**Your assignment**
The result should be the lines from the one that contains "Starling and Cosmos sticker" to the final line of the entries below, copied exactly and with no pictures.

-------

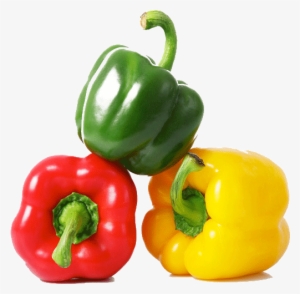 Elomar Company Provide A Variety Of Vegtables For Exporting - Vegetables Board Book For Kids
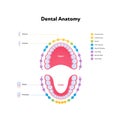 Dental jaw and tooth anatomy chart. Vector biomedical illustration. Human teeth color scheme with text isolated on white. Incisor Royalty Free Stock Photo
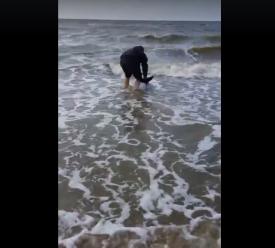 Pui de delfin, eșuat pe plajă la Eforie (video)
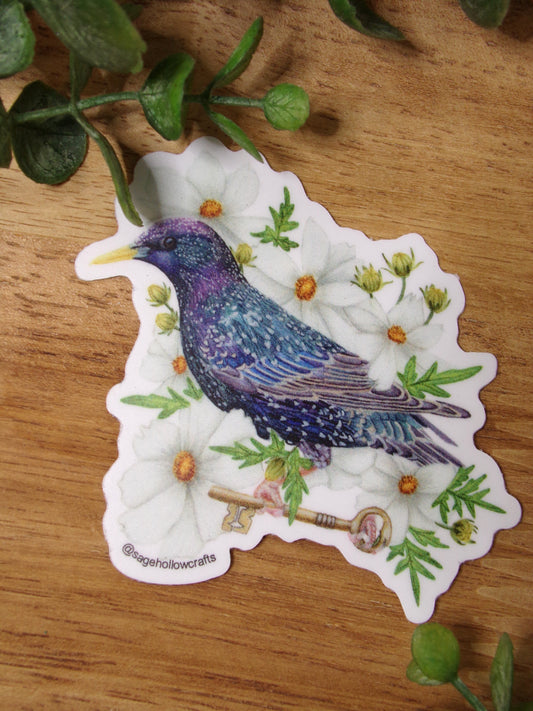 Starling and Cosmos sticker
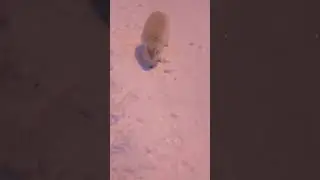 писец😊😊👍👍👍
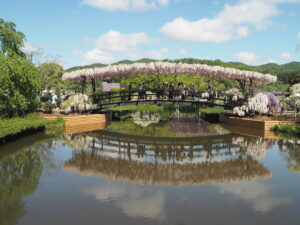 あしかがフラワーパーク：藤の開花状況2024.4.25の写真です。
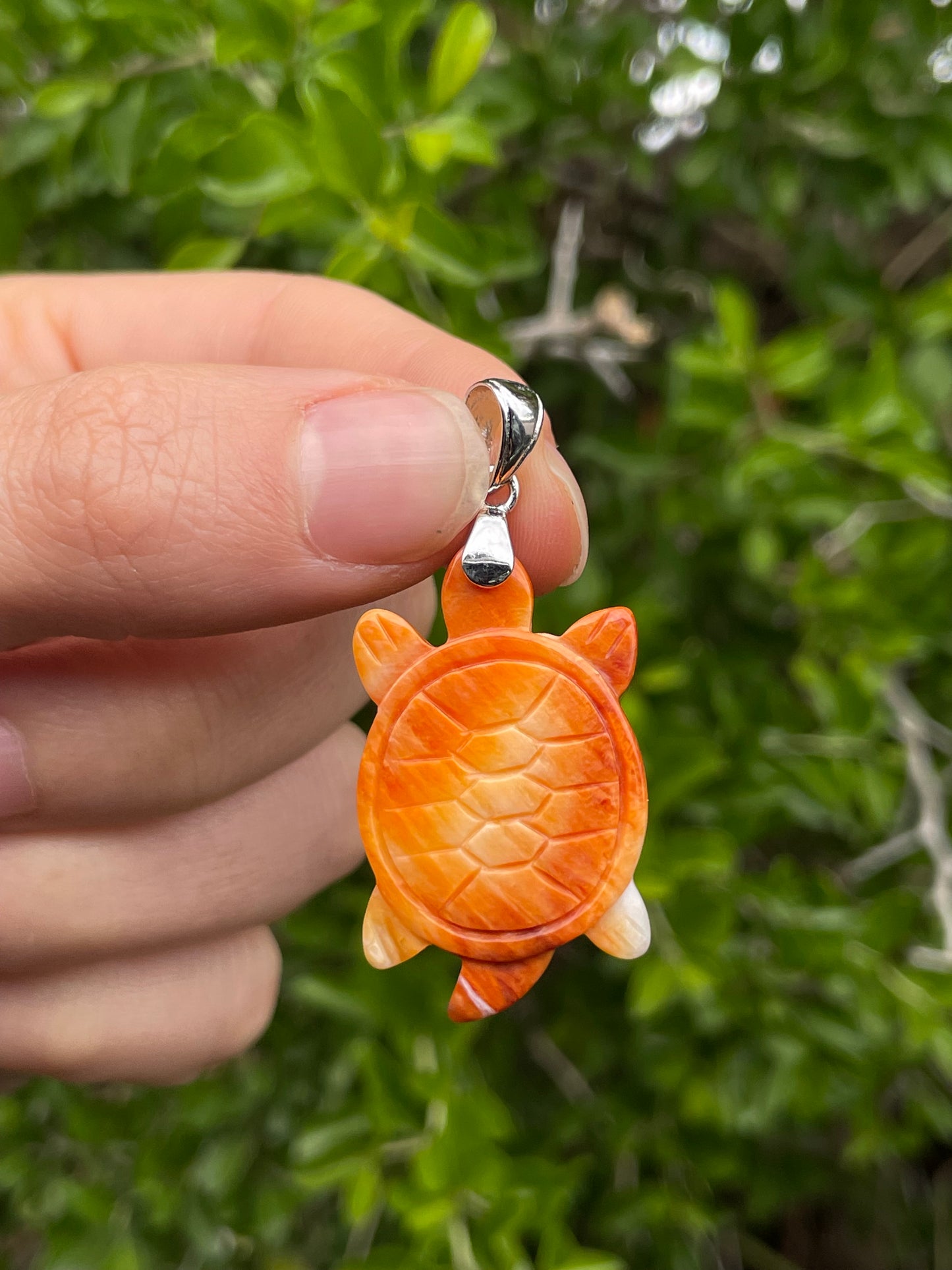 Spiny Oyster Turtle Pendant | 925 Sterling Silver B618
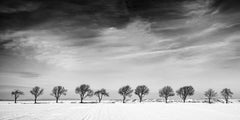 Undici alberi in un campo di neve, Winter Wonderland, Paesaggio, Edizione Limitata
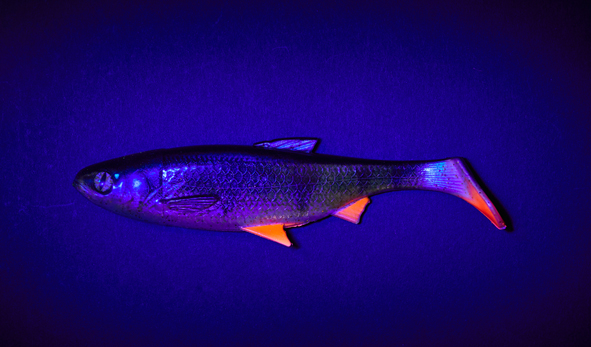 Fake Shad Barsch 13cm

-------

**Solution to this exercise**
 Starling and Cosmos sticker
 писец😊😊👍👍👍
 あしかがフラワーパーク：藤の開花状況2024.4.25の写真です。
 Spiny Oyster Turtle Pendant | 925 Sterling Silver B618
 Undici alberi in un campo di neve, Winter Wonderland, Paesaggio, Edizione Limitata
 Fake Shad Barsch 13cm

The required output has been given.